Customer’s Sister: “YOU’RE GETTING THE WRONG PAINT!”

Customer: “Well, this girl told me that if I wanted to use that paint, I’d need to strip all my skirting boards.”

Customer’s Sister: “Yeah, so, and?”

Customer: “I’m not bothered doing that.”

Customer’s Sister: “BUT THIS ONE DOESN’T EVER YELLOW!”

Me: “Actually, it will eventually. Gloss finishes will yellow faster than satin finishes but, after a while, all those all oil based paints will start to yellow. I can show you our ‘Stay White’ range of wood paint if you like?”

Customer’s Sister: *to me* “YOU HAVEN’T A CLUE.” *turns to her sister* “DO YOU WANT MY HELP OR NOT?”

Customer: “Are you going to paint it for me?”

Customer’s Sister: “No! Of course not! I only told you that your skirting boards are yellow and that you need to repaint them! I put satin finish on my skirting boards six months ago and they still haven’t yellowed!”

Me: “Well, six months isn’t actually that long. It would take a lot longer than that for it to start to yellow.”

Customer’s Sister: *to me* “BE QUIET!” *to sister* “AM I WANTED HERE OR NOT?!”

Customer: “No, I’m fine with the paint I have here. Thanks, sis.”

(The woman’s sister stomps out of the shop muttering.)

Customer: “Don’t mind her; she gets a bit upset when people don’t take her advice, but she’s daft as f***. I don’t think my skirting boards look yellow anyway.”

Me: “Um… okay.”

(We finish the transaction as normal, the woman thanks me and leaves. My manager pokes her head out of the office.)

Manager: “What was all that about?”

Me: “I think I just started a family fight.”

(The strangest part came half-an-hour later when, after the shop had closed, I was sitting in my car, rooting through my bag and when I looked up, the woman’s sister was standing there giving me the finger!)

Her Items Cannot Be Fabricated

| AR, USA | Crazy Requests, Home Improvement, Popular

(A woman was looking very disoriented in the crafting aisle, and so I went to approach her.)

Customer: “Do you have paint for a sign? I need a bucket.”

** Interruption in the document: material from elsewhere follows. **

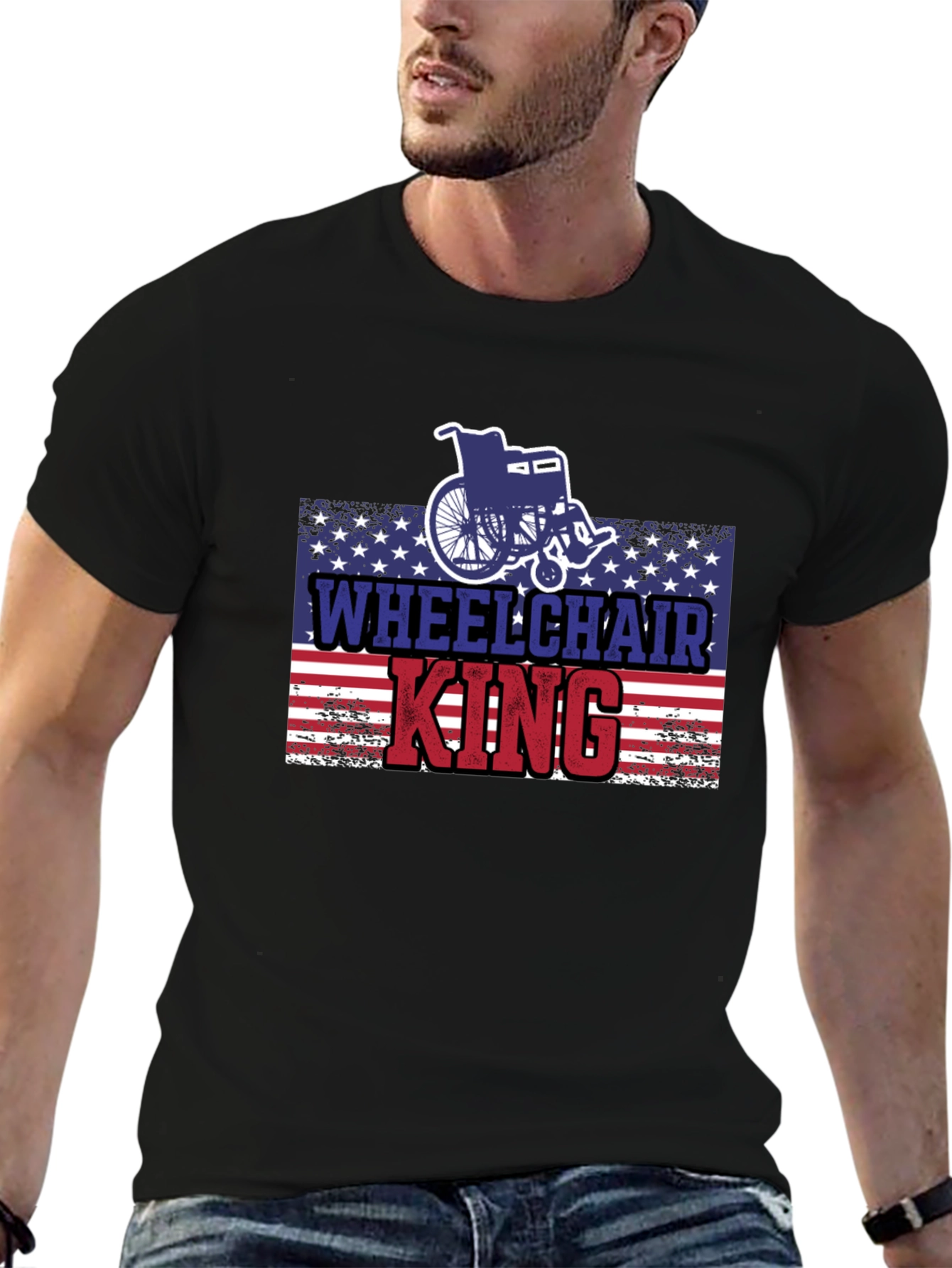 Black Wheelchair King T-Shirt - Patriotic Design view 6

Me: “I’m sorry, ma’am, but we don’t carry paint in buckets. We have fabric glue, but not a bucket of it.”

Customer: “Oh.” *holds up her hands to approximate a huge sign* “I need paint for a sign this big.”

Me: “I’m afraid that we don’t carry paint for signs, ma’am. Any paint that we have in stock is intended for fabrics and is in small bottles. We are a crafts store, but we specialize in fabric.”

Customer: “That’s okay! I’ll just buy your paint and then a paintbrush, please.”

Me: “Ma’am, I’m afraid that we don’t carry paintbrushes either. We are a crafts store, but we specialize in fabric. Have you tried going across the street to [Department Store]?”

(At this point the woman drops what she is carrying as if I offended her terribly.)

Customer: “No, I came HERE for crafts. Are you telling me that this fabric store can’t have someone go across the street and special order those paintbrushes here for me right now!?”

Me: “Yes, ma’am…”

Customer: “WHAT KIND OF A CRAFTS STORE IS THIS!?”

Me: “One that specializes in fabric, ma’am.”